Character Set Conversion (xm_charconv)

This module provides tools for converting strings between different character sets (code pages). All the encodings available to iconv are supported. On GNU/Linux systems execute iconv -l for a list of encoding names.

To examine the supported platforms, see the list of installer packages in the Available Modules chapter.

Configuration

The xm_charconv module accepts the following directives in addition to the common module directives.
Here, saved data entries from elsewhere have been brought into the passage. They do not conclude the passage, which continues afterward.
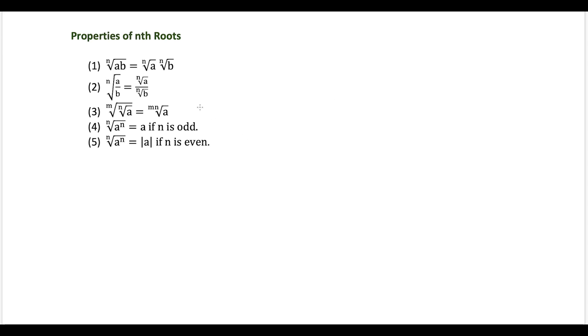What's up, I'm Vin and today I want to take a look at properties of nth roots. Here are some formulas we're going to need and let's get started.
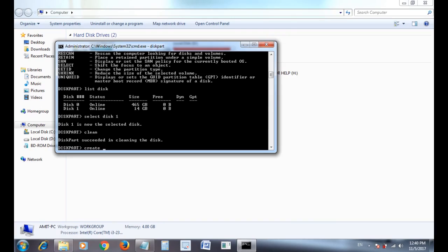Then type command create partition primary and press enter. It will create primary partition on the pen drive.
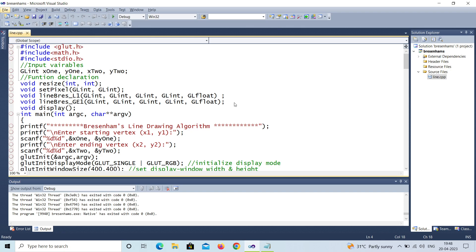Welcome to my channel AJ Studio. Today we are going to study Bresenham's line drawing algorithm. We'll see how this exactly works.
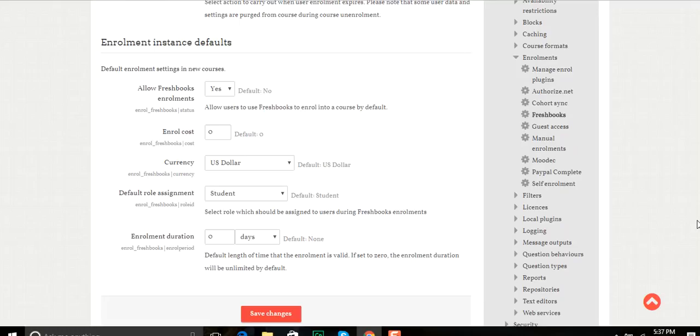Now there are a number of options here. One, I need to turn on FreshBooks enrollment so that will allow it to happen. I set the enrollment cost, in this case I just set it to zero U.S. dollars.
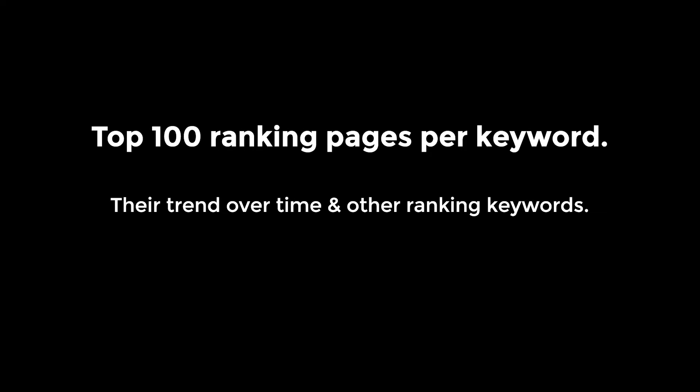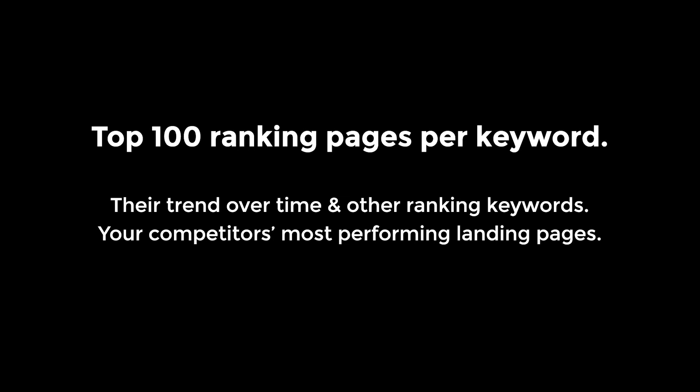You're able to analyze their trend over time and what other keywords they're ranking for, and also identify the competitors' most performing landing pages for your keyword research.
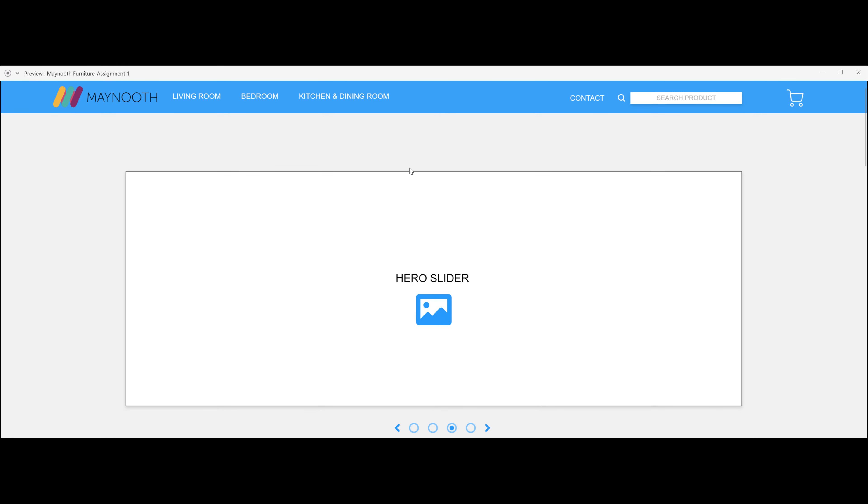Hello guys, welcome to the Maynooth furniture prototype. I'm going to be talking about what each web page is and what they do, and I'm going to be going through the prototype, visiting each web page.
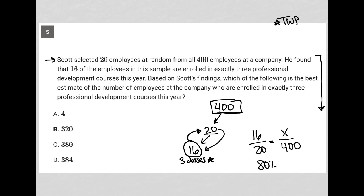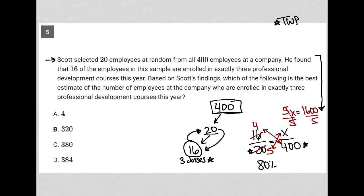What we found by talking to these 20 employees is the exact same ratio we should find if we were to ask all 400 employees. So I can now do some cross-multiplication. I'll simplify first: 4 goes into 16 four times, 4 goes into 20 five times, so 16 over 20 turns into 4 over 5. Then cross-multiplying gives 5X = 4 × 400 = 1,600. Dividing both sides by 5, I go to my calculator to make sure I don't make any math error.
AutodetectCharsets: This optional directive accepts a comma-separated list of character set names. When auto is specified as the source encoding for convert() or convert_fields(), these character sets will be tried for conversion. This directive is not related to the LineReader directive or the corresponding InputType registered when LineReader is specified.
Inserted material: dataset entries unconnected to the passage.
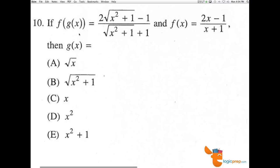Number 10: if f of g of x equals this expression up here, and f of x equals 2x minus 1 over x plus 1, then what is g of x?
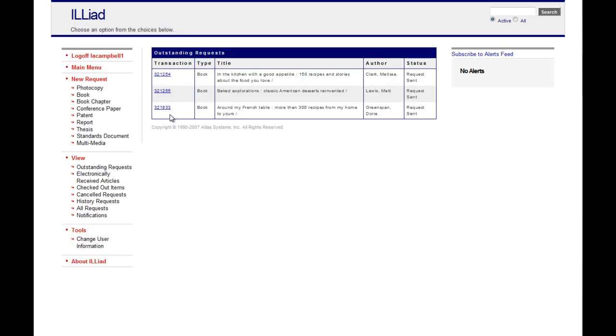From the main Iliad page, you can submit new requests, track outstanding requests, request renewals, and change your user information.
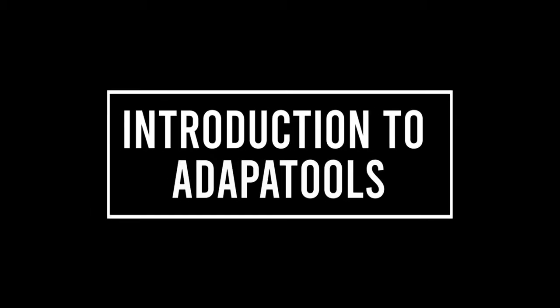Welcome to the ADAPA Tools walkthrough video. Today we'll show you how to use the ADAPA Tools plugin for Rhino 3D.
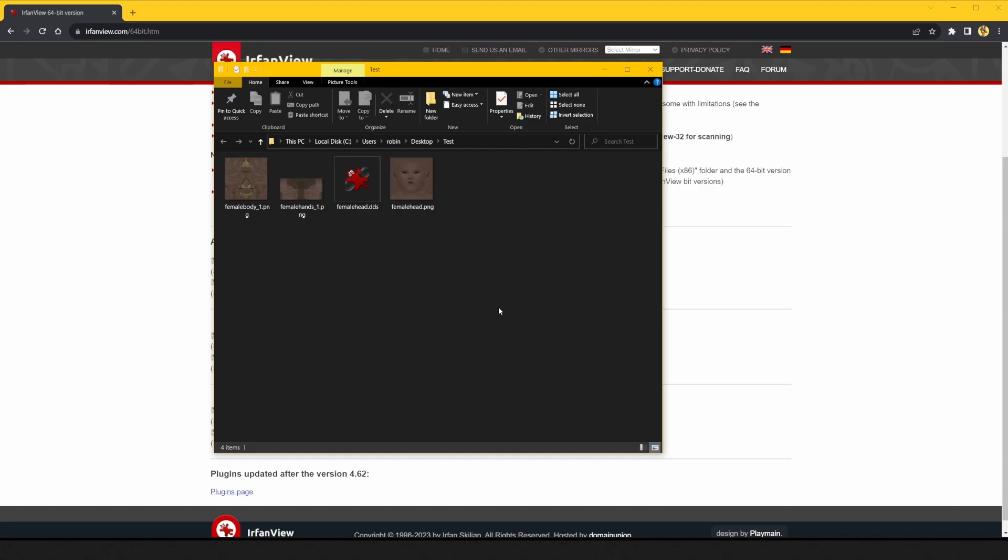Hello, this is a short video on how I convert DDS texture files used in Bethesda games to image files that work better in Blender and are easier to import to image editing software.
BigEndian: This optional boolean directive specifies the endianness to use during the encoding conversion. If this directive is not specified, it defaults to the host’s endianness. This directive only affects the registered InputType, and is only applicable if the LineReader directive is set to a non-Unicode encoding and the CharBytes directive is set to 2 or 4.
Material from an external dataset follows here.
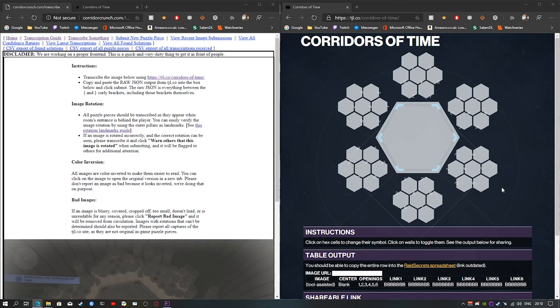Welcome everyone. I'm going to do a quick tutorial on how to use the Corridors of Time TJSide combined with Corridor Crunch to help out the big sheet that all the streamers are working on.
CharBytes: This optional integer directive specifies the byte-width of the encoding to use during conversion. Accepted values are 1 (the default), 2, and 4. Most variable width encodings will work with the default value. This directive only affects the registered InputType and is only applicable if the LineReader directive is set to a non-Unicode encoding.

LineReader: If this optional directive is specified with an encoding, an InputType will be registered using the name of the xm_charconv module instance. The following Unicode encodings are supported: UTF-8, UCS-2, UCS-2BE, UCS-2LE, UCS-4, UCS-4BE, UCS-4LE, UTF-16, UTF-16BE, UTF-16LE, UTF-32, UTF-32BE, UTF-32LE, and UTF-7. For other encodings, it may be necessary to also set the BigEndian and/or CharBytes directives.

Functions

The following functions are exported by xm_charconv.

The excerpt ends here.